Y también, cómo no, en la pérdida en las últimas décadas de algunos aventajados practicantes (como el guionista Miguel Ángel Nieto), o en el apartamiento, voluntario o forzado, de maestros consumados (como Vallés) u otros llamados a serlo (como aquel Lluisot de Carne de psiquiatra).
Afortunadamente, el último Premio de Cómic Ciutat de Palma, uno de los galardones más atinado en los fallos desde su creación, ha venido a recordarnos que, desde hace más de tres décadas, tenemos entre nosotros a alguien como Calpurnio (Eduardo Pelegrín, Zaragoza, 1959), consumado maestro en la descodificación inteligente de una realidad caótica sobre la que viene proyectando otras realidades, de creación propia, no menos descabelladas, pero sí más preñadas de conocimiento.
Aquel dibujante brillante que me deslumbrara a principios de los años ochenta en un concurso de jóvenes de su localidad decidió abrazar muy pronto un minimalismo falsamente ingenuo, que es el lenguaje con el que opera la intuición que hay en el fondo de cualquier práctica artística sincera, para regalarnos uno de los personajes más carismáticos del tebeo español: "El bueno de Cuttlas", al que fuimos viendo vivir y morir varias existencias, desde la de simple vaquero del Lejano Oeste hasta la de reflexivo cronista de una contemporaneidad impermeable a la subversión de sus mentiras mejor articuladas (aquí y ahora, solo me cabe, pues, recomendarles conseguir sus álbumes no descatalogados y husmear en internet sus excelentes y dinamiteras -en cuanto a su actitud nietzscheana- animaciones).
Fue aquella una increíble saga trufada de excelentes secundarios (su novia Mábel, su amigo Jim, el malvado Jack…) en alguno de los cuales, como el extraterrestre 37, se vislumbró ya que Calpurnio nos obsequiaría pronto con un universo, si cabe más irrisorio, digno de aquel don Nepomuceno Carlos de Cárdenas que, según José Antonio Marina, escribió en el margen de un libro de Kant: "No sé si el autor se ha percatado de que la verdad, además de verdadera, es divertida".
Y así hemos llegado a este cosmos imbécil en el interior de un hipercubo, deudor de las visiones de Escher, pero aún más mutable, teseracto al que nuestro autor ha bautizado como Mundo Plasma, creado por el pensamiento de Míster Huevo, en donde está situada la pensión de la elefanta Mimí, y en el que habitan, por gentileza de su hacedor, singulares sujetos: el cerdo Elmer Poseso, la señora Culoseco, el extraterrestre Pequeño Gris, la mosca The Flyer, Identikit, Carabelmee... o mi venerado Malasombra, entre otros.

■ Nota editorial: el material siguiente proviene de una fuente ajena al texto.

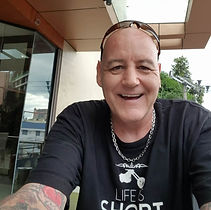 Note the T-shirt.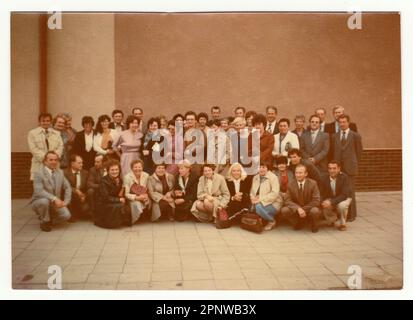THE CZECHOSLOVAK SOCIALIST REPUBLIC - OCTOBER, 1985: Vintage photo shows group of people - former classmates and their meeting after years. Stock Photo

Desbordando la cándida separación entre intuición y reflexión, que algunos pensadores juzgaron antes incompatibles que complementarias, un electrizante e hipnótico Calpurnio, por momentos tanto como en sus abstractas propuestas de videojockey como ERRORvideo, somete a sus criaturas a una intriga surrealista llena de subtramas tan brillantes como la investigación deductiva que sucede a la muerte de Elmer, en la que a ratos, no sé si viciado por debilidades personales o consciente de la capacidad de este autor para sumar referencias populares y cultas, tengo la sensación de estar ante un discípulo aventajado de aquel gran Vázquez que, escondido en la creación para niños, dosificaba la antilógica más descacharrante en secuencias de su Anacleto, agente secreto o en personajes como el inspector O'Jal o Ángel Síseñor.
La mejor historieta española, rabiosamente adulta, nos brinda a los escépticos un poderoso motivo para no perder la esperanza.